▶ EXERCISE DIRECTIONS: Please restate every line below exactly, without any pictures.

▶ INFORMATION SHOWN:
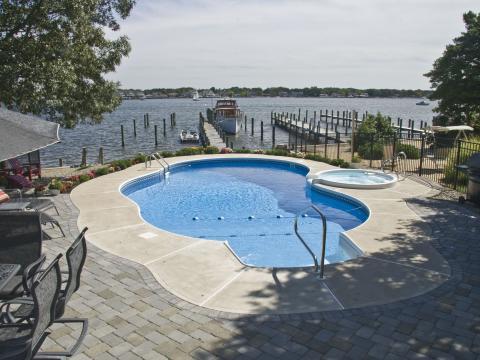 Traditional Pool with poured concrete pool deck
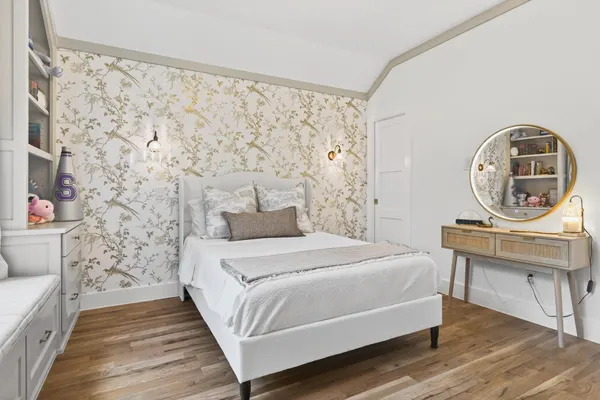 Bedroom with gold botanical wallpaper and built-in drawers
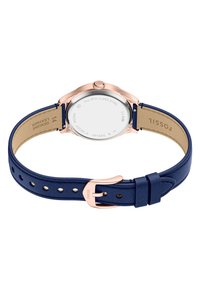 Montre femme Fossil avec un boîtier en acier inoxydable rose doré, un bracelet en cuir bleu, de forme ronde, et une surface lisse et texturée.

▶ TASK OUTPUT:
 Traditional Pool with poured concrete pool deck
 Bedroom with gold botanical wallpaper and built-in drawers
 Montre femme Fossil avec un boîtier en acier inoxydable rose doré, un bracelet en cuir bleu, de forme ronde, et une surface lisse et texturée.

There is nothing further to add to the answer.